Yapılan araştırmalarda Macaristan'da ilk defa bir Osmanlı yerleşkesi bulunduğunu ve bunun da büyük öneme sahip olduğunu vurgulayan Peker, şöyle konuştu:

''Bölgede askeri tabyanın içerisinde türbe, zaviye, kışla var ama bunların dışında bir de şehir oluşmuş ve bunlar tamamen tarihten silinmiş. Çalışmalarda toprağın 30 santimetre altında bir temel bulabiliyoruz. Bu çalışma ile Balkanlardaki Osmanlı varlığının Macaristan'a kadar uzandığını ortaya çıkarıyoruz. Macaristan'daki Osmanlı varlığı tekrar hatırlanmış oluyor. Bundan da rahatsızlık duyan hiç kimse yok. Aslında burada ilk defa bir Osmanlı yerleşkesi ortaya çıkarılmış oluyor. Daha önce yapılan çalışmalarda bir cami ya da hamam ortaya çıkarılmıştı ama şimdi bir Osmanlı yerleşkesi sıfırdan kurgulanıyor. Belki şu an dünya bunun bilincinde değil ama bu çalışma gittikçe önem kazanacak.''

Türkiye'de bazı bilim insanlarının türbenin başka bir bölgede olabileceği iddiasına da değinen Peker, ''Bu konu hakkında Türkiye'de çok farklı sesler çıkıyor. Bu çok doğal. Bu tür eleştiriler bir sinerji yaratır ve mevcut ilgiyi de arttırır. Burada yapılan araştırma bugüne kadarki en bilimsel çalışma. Sadece arşiv araştırmalarına dayanmayan aynı zamanda arkeolojik verilerle desteklenen ve Latin, Macar, Osmanlı ve Alman kaynaklarından faydalanılarak oluşturulan bir çalışma söz konusu. Bu araştırma ayrıca en somut verileri ortaya çıkaran bir çalışma. Neticede türbe olduğunu düşündüğümüz bir yapı da ortaya çıkardık.'' dedi.
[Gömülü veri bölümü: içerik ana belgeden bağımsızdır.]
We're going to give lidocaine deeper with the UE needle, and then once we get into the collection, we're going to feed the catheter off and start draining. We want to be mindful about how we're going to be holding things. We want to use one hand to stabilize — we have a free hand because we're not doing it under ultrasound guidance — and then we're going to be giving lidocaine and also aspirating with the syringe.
- "Birçok araştırma yapıldı"

Araştırmayı yürüten Macar ekibin başındaki Pecs Üniversitesi Öğretim Üyesi Doç. Dr. Norbert Pap ise Kanuni Sultan Süleyman'ın türbesinin nerede olduğu sorusunun tarih boyunca Macarların da ilgisini çektiğini ve bu konuda birçok araştırmanın yapıldığını belirterek, ''Macaristan'da 110 yıldan daha fazla bir süredir bu konuda araştırmalar devam ediyor. Bu konuda ilk defa 1903 yılında bilimsel bir kitap yayınlanıyor. Günümüze kadar birçok bilimsel makale ve kitap da yayınlandı.'' dedi.
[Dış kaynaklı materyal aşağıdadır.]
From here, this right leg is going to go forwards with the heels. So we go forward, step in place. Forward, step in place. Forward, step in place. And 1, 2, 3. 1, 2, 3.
Bugüne kadar yapılan araştırmalarda genel olarak iki yerin ön plana çıktığını ve ilk kazı çalışmalarının 1970'li yıllarda gerçekleştiğini kaydeden Pap, sözlerini şöyle sürdürdü:

''1970'li yıllarda Macar arkeolog Kovacs Valeria, daha önce türbe olduğu düşünülen kilisenin içinde ve etrafında bazı kazı çalışmaları yaptı ama bu çalışmalarda herhangi bir Osmanlı-Türk yapı izine rastlamadı. Çalışmalarımızda o döneme ait haritaların da yardımı ile bölgenin coğrafi yapısını ön plana aldık. Elde ettiğimiz bilgilere göre daha önce arkeologlar tarafından türbenin yapıldığı düşünülen yerlerin aslında o dönemde su altında olduğunu ve herhangi bir binanın yapılmasının mümkün olmadığını belirledik.''

Yaptıkları araştırmalardan elde ettikleri sonuçlarla türbenin Üzüm Tepesi diye adlandırılan bölgede olduğunu tespit ettiklerini belirten Pap, şöyle konuştu:

''Şu an kazıların yapıldığı bölge Zigetvar kalesine yaklaşık 4 kilometre uzaklıkta ve üzüm bahçelerinin de bulunduğu bir tepe. Burası kaynaklarda bahsedilen yerin tarifine tamamen uyuyor. Hatta sadece bu bölgede yüzeyde Osmanlı dönemine ait çok sayıda taş, tuğla, seramik parçaları mevcut. Daha sonra yaptığımız detaylı çalışmalarda yer altında çeşitli yapıların bulunduğunu ve bunların duvarlarının Mekke'ye dönük olduğunu tespit ettik. Geçen yıl sonbaharda yapılan kazılar neticesinde bir bina kalıntısı da bulduk.''

Pap, kazılar neticesinde bulunan binanın büyük ihtimalle türbe olduğunu çünkü İstanbul'daki Kanuni'nin türbesine benzeyen parçalar bulunduğunu da dile getirerek, ''Bulduğumuz bina çok büyük ihtimalle türbe. Çok güçlü kanıtlarımız var. Türbenin yanında ise Sokullu Mehmet Paşa tarafından yaptırılan cami var. Bunun kazısını bugün başladı. Bunun dışında ise camiden daha büyük bir tekke mevcut. Yaklaşık 3 hektarlık bir alan söz konusu.'' ifadelerini kulandı.

- Kanuni'nin ölümü gizlendi

Zigetvar Kalesi’nin kuşatması sırasında hayatını kaybeden Kanuni Sultan Süleyman'ın ölüm haberi askerler arasında moral bozukluğu yaratmaması için gizlendi. Cesedi bozulmaması için iç organları çıkartılarak otağının bulunduğu yere gömüldü. Bedeni ise muhasaradan sonra İstanbul’a getirilerek Süleymaniye Camii avlusundaki bugünkü yerine gömüldü.

Kanuni'nin ölümünden sonra tahta geçen 2. Selim, babasının iç organlarının gömülü olduğu yere türbe, etrafına da külliye yaptırdı. 150 yıl kadar kalan bu yapılar daha sonra Zigetvar Kalesi'ni işgal eden Habsburg askerleri tarafından yıkıldı. Daha sonra Macarlar tarafından bu bölgeye türbe anlamına gelen "Turbek" ismi konuldu.